Возможно, «хорошие» коммунисты Киров и Орджоникидзе (вместе с Бухариным, о заслугах которого на поприще патронажа свидетельствуют диссидентские и «самиздатские» источники) действительно отличались особенным великодушием в качестве покровителей интеллигенции, но и «плохие» коммунисты, такие, как Прокурор СССР А. Я. Вышинский или руководители НКВД — Н. И. Ежов, Г. Г. Ягода, Я. С. Агранов, тоже были активными патронами. После рассекречивания советских архивов обнаружилось, что даже В. М. Молотов, возглавлявший в 1930-е гг. советское правительство, который практически не фигурирует в роли патрона в мемуарной литературе (в том числе и в собственных воспоминаниях, записанных Ф. И. Чуевым), пользовался большой популярностью и проявлял отзывчивость как покровитель культуры. (Следующий раздел этой главы и основан главным образом на архиве Молотова как председателя Совнаркома.)
Сталин, разумеется, случай отдельный. Он занимал слишком высокое положение, чтобы вступать в 1930-1940-е гг. в обычные патронско-клиентские отношения, однако его можно рассматривать в качестве универсального и архетипичного патрона, как делает в своей фантазии писатель Михаил Булгаков (которому Сталин действительно помог):
«Мотоциклетка — дззз!!! И уже в Кремле! Миша входит в зал, а там сидят Сталин, Молотов, Ворошилов, Каганович, Микоян, Ягода.
Миша останавливается в дверях, отвешивает поклон.
Сталин. Что это такое? Почему босой?
Булгаков (разводя горестно руками). Да что уж… нет у меня сапог…
Сталин. Что такое? Мой писатель без сапог? Что за безобразие! Ягода, снимай сапоги, дай ему!»

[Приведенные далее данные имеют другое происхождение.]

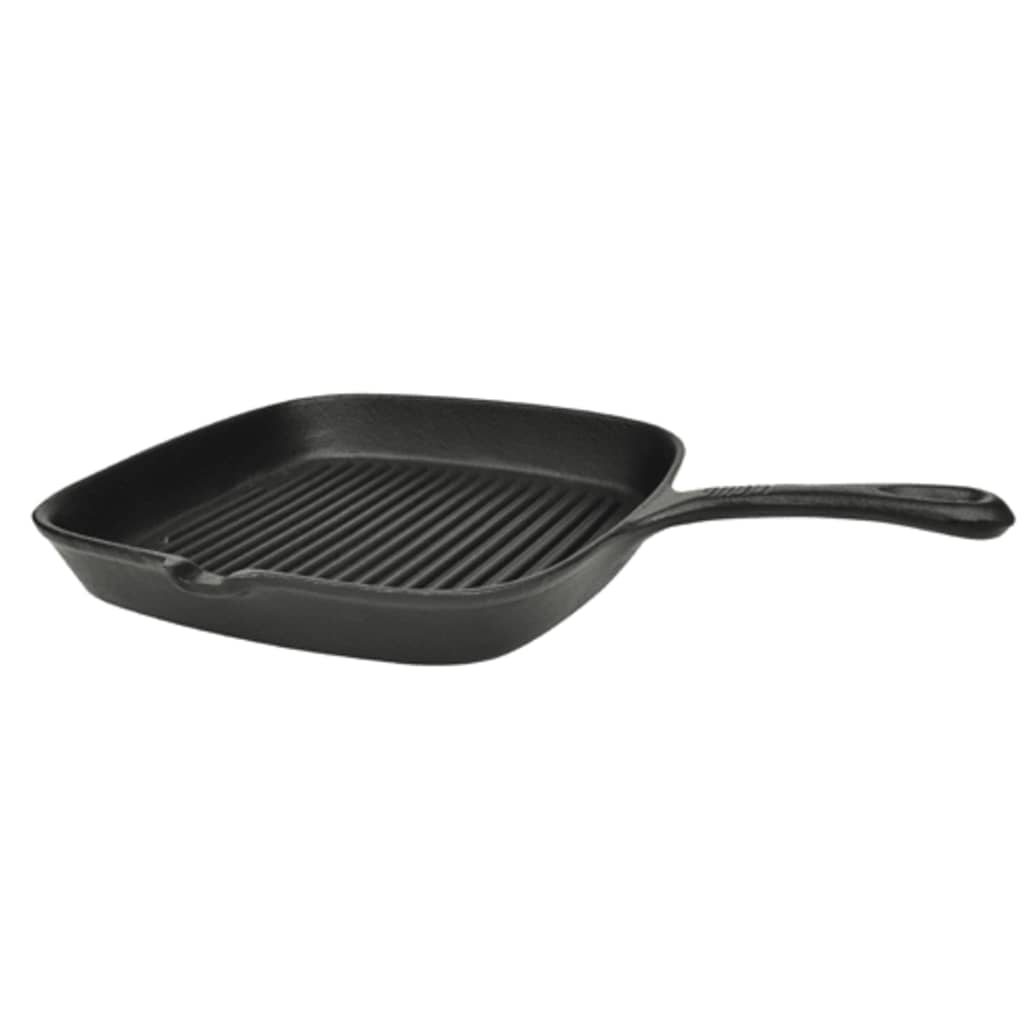 Vidaxl Grill Pan litina 24x23 cm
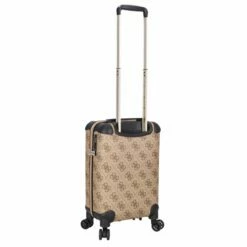 Guess Reisetrolley Berta 18 In 8-Wheeler S 53cm Latte Logo Brown -Aufbewahrungstasche Geschäft 0 1065e8f74b5bbd3 1280x1280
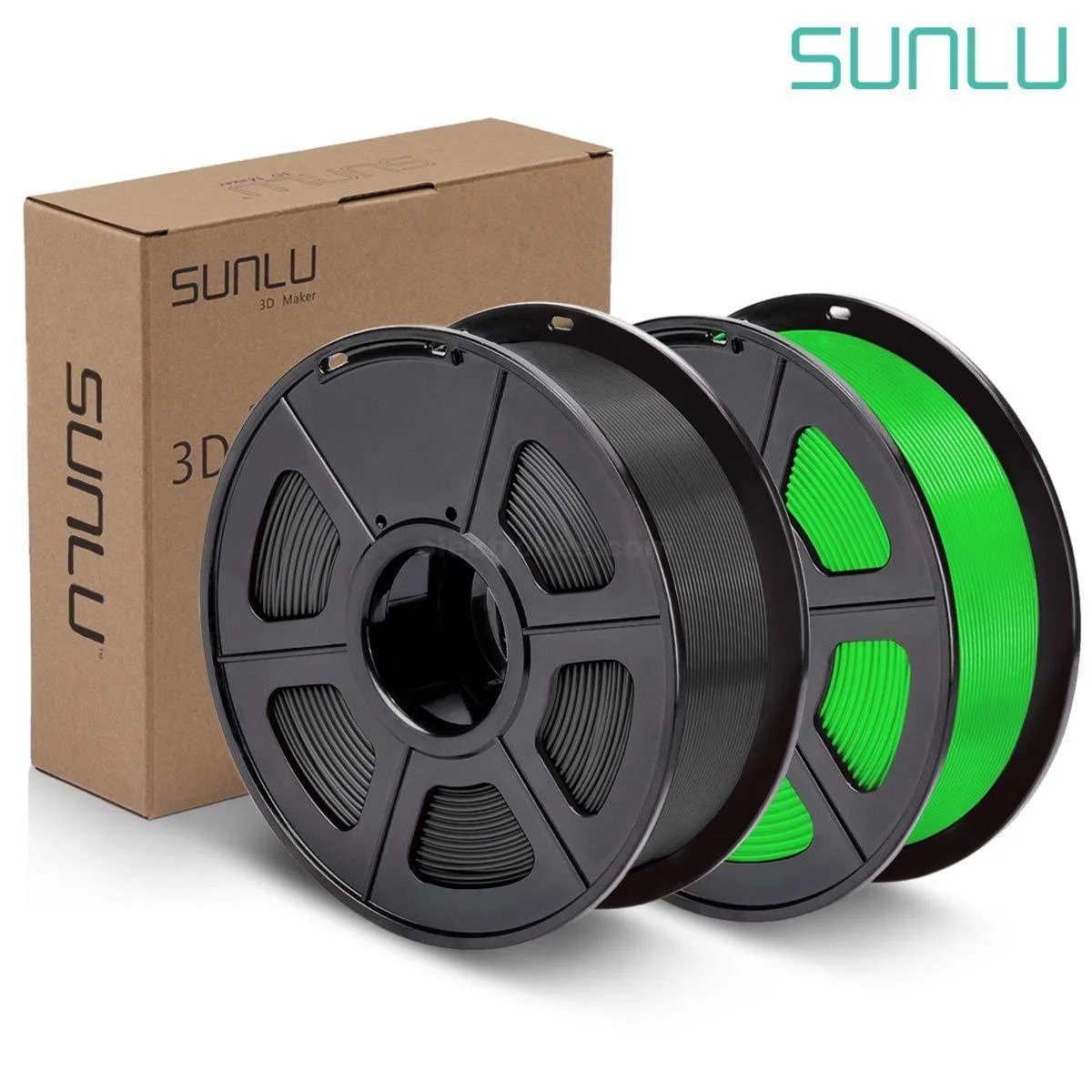 71ZEOgvZXYL.jpg SUNLU PETG 1.75mm 1KG 3D Printer Filament - Image 2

Высокопоставленные чиновники культурных ведомств играли особую роль в покровительстве интеллигенции. А. В. Луначарский, возглавлявший Наркомпрос, славился своей добротой, правда, именно столь щедрая отзывчивость ограничивала его возможности помогать клиентам. По воспоминаниям писателя Корнея Чуковского, уже в 1918 г. десятки клиентов, «жаждущих совета и помощи», ежедневно толпились перед дверями петроградской квартиры Луначарского: «Педагоги, рабочие, изобретатели, библиотекари, цирковые эксцентрики, футуристы, художники всех направлений и жанров (от передвижников до кубистов), философы, балерины, гипнотизеры, певцы, поэты Пролеткульта и просто поэты, артисты бывшей императорской сцены — все они длиннейшей вереницей шли к Анатолию Васильевичу на второй этаж по измызганной лестнице, в тесную комнату, которая в конце концов стала называться “приемной”».
В сфере культурного патронажа никто не мог сравниться по влиянию с Максимом Горьким. Его положение было экстраординарным, поскольку он не принадлежал ни к аппаратчикам, ведавшим вопросами культуры, ни к партийному руководству. Впервые он утвердился в этой своей роли во время Гражданской войны благодаря долгому близкому знакомству с Лениным и другими большевистскими лидерами. После возвращения Горького в Советский Союз в конце 1920-х гг. Сталин, по сути, назначил его на должность чрезвычайного и полномочного патрона; возможно, это и послужило одной из главных причин, побудивших его вернуться. Рассказ Чуковского о его «незабываемой роли» в качестве покровителя детской литературы («как упорно он помогал нам, детским писателям, бороться с леваками-педологами, сколько раз спасал он наши книги от тогдашнего Наркомпроса, от РАПП и пр.») — лишь один из сотен. В архиве Горького свыше 13 000 писем от советских писателей, львиная доля их содержит обращения к нему как к патрону (или потенциальному патрону), и его деятельность в этой области в первой половине 1930-х гг. вошла в легенды.